Jan 112012
 

Simon Beckett’s third Dr. David Hunter mystery, Whispers of the Dead (2009), is a bit like a Kay Scarpetta mystery, only better.

I quit reading Patricia Cornwell‘s Scarpetta books not because the forensics (or the murders) were too gruesome but because I got tired of both the doctor and the killer being so good at what they do — superheroes and dastardly villains, neither of whom can apparently die, work well in comic books, but please. Show your readers a little respect.

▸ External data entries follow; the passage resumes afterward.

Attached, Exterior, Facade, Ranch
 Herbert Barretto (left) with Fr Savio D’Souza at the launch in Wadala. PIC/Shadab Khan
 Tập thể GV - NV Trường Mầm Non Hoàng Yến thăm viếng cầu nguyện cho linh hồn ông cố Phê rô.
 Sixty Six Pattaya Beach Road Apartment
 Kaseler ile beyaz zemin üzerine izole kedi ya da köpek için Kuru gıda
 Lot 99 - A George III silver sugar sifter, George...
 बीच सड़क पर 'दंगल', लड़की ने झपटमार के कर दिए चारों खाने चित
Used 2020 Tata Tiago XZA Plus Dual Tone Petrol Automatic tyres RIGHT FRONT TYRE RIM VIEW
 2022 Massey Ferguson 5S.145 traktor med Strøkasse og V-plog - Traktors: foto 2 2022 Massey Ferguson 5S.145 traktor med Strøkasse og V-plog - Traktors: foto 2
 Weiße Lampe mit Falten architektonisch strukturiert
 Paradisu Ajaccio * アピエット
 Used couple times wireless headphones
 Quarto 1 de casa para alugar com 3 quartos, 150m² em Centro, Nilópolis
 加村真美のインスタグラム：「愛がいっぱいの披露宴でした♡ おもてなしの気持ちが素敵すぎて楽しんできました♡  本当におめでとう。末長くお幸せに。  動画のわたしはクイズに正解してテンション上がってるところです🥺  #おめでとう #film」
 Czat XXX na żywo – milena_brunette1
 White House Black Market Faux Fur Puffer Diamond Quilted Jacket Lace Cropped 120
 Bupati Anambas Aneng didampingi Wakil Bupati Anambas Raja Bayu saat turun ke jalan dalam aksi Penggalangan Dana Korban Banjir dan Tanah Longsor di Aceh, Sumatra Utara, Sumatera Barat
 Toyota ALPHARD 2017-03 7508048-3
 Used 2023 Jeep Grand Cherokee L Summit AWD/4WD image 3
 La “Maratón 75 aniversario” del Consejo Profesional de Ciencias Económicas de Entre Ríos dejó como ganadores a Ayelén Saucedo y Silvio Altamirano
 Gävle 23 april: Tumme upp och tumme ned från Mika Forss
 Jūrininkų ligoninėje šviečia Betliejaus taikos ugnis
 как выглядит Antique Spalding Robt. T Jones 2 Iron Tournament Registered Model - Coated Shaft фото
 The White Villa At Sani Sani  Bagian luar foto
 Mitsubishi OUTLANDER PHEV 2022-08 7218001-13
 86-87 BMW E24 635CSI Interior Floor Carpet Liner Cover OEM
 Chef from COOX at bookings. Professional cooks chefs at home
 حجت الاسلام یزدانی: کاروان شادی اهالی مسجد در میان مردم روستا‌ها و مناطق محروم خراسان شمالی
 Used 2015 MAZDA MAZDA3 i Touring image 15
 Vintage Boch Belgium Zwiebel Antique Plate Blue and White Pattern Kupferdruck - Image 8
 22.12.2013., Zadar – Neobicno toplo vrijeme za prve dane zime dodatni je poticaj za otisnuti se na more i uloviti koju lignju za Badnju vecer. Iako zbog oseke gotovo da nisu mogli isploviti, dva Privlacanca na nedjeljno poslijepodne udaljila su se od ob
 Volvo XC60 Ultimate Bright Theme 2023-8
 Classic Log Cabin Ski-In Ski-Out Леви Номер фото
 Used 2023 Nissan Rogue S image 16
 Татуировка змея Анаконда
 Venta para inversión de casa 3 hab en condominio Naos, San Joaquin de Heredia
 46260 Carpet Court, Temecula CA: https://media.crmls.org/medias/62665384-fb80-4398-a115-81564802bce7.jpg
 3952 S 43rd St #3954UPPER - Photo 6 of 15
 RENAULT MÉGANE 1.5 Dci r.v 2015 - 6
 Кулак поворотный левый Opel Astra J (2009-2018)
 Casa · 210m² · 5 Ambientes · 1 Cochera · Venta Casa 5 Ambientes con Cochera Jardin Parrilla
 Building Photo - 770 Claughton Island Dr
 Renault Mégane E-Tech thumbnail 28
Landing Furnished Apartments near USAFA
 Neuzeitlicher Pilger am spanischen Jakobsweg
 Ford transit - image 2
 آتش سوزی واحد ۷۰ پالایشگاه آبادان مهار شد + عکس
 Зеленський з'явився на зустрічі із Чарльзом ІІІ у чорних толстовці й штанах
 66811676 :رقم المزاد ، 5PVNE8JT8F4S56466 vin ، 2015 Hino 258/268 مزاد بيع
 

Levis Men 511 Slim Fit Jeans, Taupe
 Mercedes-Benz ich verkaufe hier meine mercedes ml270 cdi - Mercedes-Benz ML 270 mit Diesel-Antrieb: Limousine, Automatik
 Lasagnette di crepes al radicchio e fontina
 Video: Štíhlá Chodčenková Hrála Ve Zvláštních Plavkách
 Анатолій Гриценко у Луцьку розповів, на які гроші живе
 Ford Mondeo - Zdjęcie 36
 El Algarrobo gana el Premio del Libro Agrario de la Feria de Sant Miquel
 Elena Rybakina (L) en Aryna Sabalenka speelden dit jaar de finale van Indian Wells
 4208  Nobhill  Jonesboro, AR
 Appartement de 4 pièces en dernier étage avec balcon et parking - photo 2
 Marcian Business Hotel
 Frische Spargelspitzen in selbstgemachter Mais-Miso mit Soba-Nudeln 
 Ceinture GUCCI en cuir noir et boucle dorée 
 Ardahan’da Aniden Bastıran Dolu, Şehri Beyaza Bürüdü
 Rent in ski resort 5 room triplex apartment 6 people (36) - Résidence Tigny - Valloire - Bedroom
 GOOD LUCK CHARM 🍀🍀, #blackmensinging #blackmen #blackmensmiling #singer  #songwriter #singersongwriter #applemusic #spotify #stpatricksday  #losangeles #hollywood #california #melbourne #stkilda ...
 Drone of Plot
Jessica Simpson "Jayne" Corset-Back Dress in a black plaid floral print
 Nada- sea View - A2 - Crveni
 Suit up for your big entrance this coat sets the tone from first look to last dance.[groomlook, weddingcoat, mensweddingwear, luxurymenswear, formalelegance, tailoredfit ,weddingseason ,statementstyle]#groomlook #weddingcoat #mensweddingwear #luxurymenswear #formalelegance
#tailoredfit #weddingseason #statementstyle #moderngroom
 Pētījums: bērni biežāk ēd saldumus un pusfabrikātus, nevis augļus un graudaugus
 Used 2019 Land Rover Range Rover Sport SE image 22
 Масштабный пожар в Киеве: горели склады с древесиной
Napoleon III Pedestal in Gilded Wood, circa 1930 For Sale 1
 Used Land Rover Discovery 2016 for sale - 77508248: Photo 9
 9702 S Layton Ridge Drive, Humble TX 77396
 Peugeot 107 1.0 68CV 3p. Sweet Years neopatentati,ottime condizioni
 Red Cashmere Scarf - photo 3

Simon Beckett does just that. Hunter, recovering from what happened in the second book, goes back to Tennessee to work with his mentor, Tom Lieberman, who runs the university’s famed body farm. Hunter’s regaining his strength, but not his mojo, and only a catastrophic event involving his friend gets him really interested in the case of a serial killer. Both the serial killer and the people tracking him are real, flawed, and human.

I would be disappointed if I thought this series would stay at the Tennessee body farm permanently, but it made a nice change of setting for Dr. Hunter, who can’t stay in one place for very long. It made sense that he’d want to get away for a while, and would return to his mentor at a time when he’s struggling.

I do like this series and will continue to read it as long as Beckett keeps come up with good scenarios involving people who could be real, not superhuman.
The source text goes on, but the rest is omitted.